Judge Luongo's determination was affirmed by the Court of Appeals, 780 F.2d 340 (3d Cir. 1985) (per curiam), and the Supreme Court denied certiorari, Chief Justice Burger and Justice Rehnquist dissenting from the denial of certiorari, 476 U.S. 1187, 106 S. Ct. 2927, 91 L. Ed. 2d 554 (1986).
In 1987, plaintiff initiated an action in the Court of Common Pleas against Westinghouse and an individual defendant, James Thompson, station manager of the local television station. This action sounded not in defamation, but in breach of a duty to retract. Alleged in the complaint was the transmission of a letter demanding retraction of the fallacious broadcast. Alleged further was that retraction had been denied.
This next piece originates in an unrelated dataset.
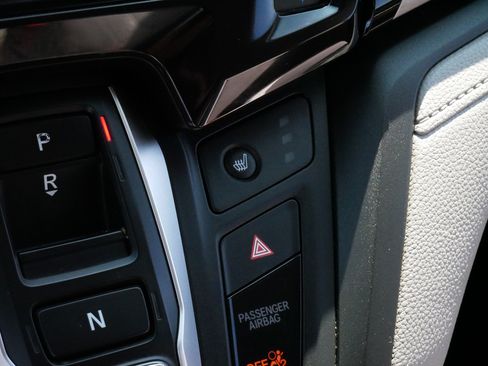 Certified 2018 Honda Odyssey EX image 27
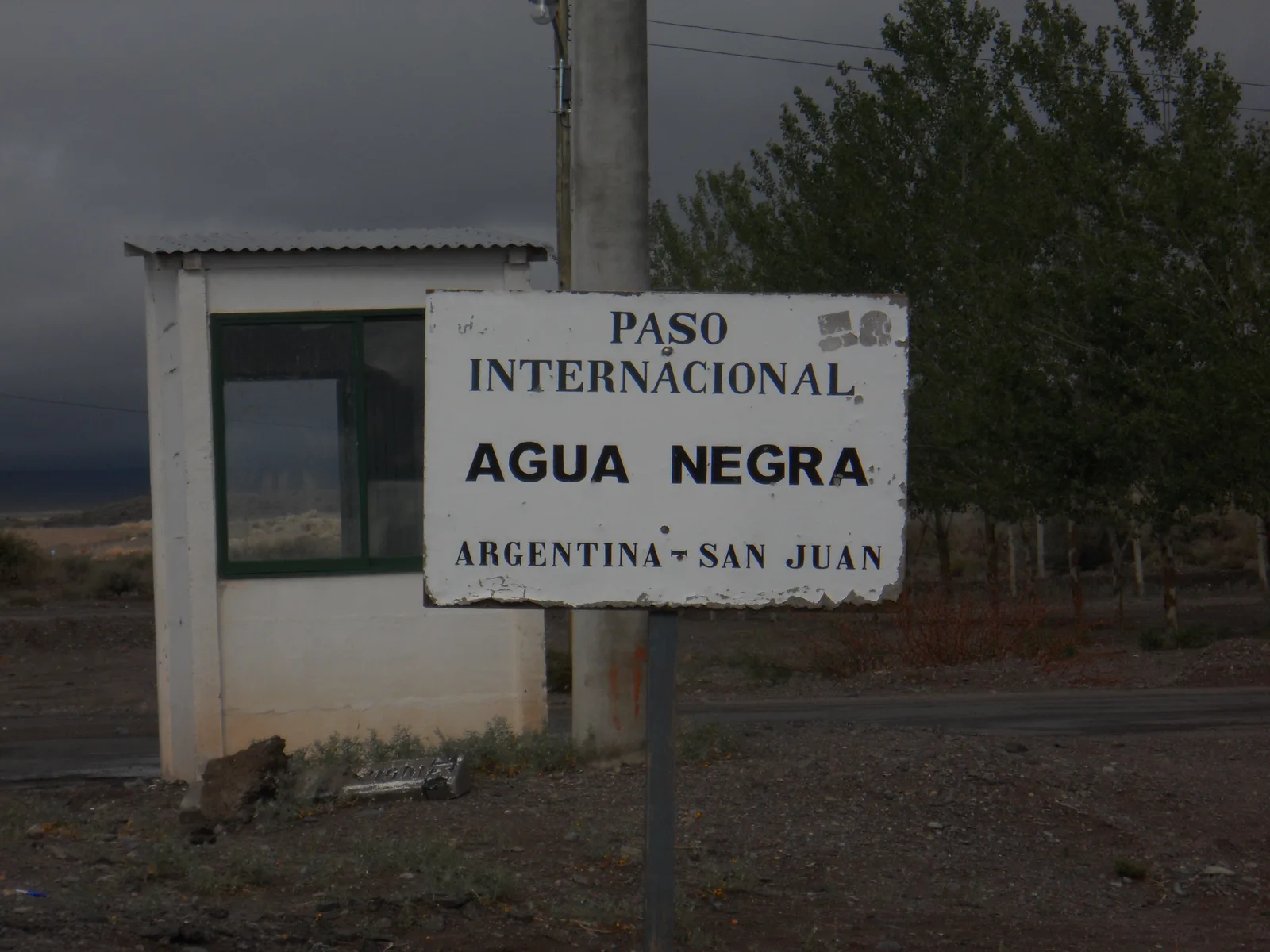 Inundaciones por aguas negras afectan salud de residente en La Ciénaga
That proceeding was removed to this court on diversity grounds, there being diversity between the plaintiff and Westinghouse, just as there had been in the original proceeding. Plaintiff moved to remand on the ground that there was also a non-diverse defendant, Mr. Thompson. Defendant took the position that the joinder of Mr. Thompson was fraudulent in the doctrinal sense that there could be no possible recovery against Mr. Thompson -- that Mr. Thompson's insulation from liability was an a fortiori case as compared with the non-liability of defendant Westinghouse, on which defendants also insisted.
The argument largely turned on whether there was any significant likelihood that the courts of Pennsylvania would recognize -- and, therefore, that this federal district court in diversity, as a surrogate court of Pennsylvania, should recognize -- a right of retraction, or, in the alternative, a right to be compensated in damages for failure to retract where it was alleged that a defendant had published false and defamatory matter and then declined retraction when the falsity was so plain that non-retraction connoted malice.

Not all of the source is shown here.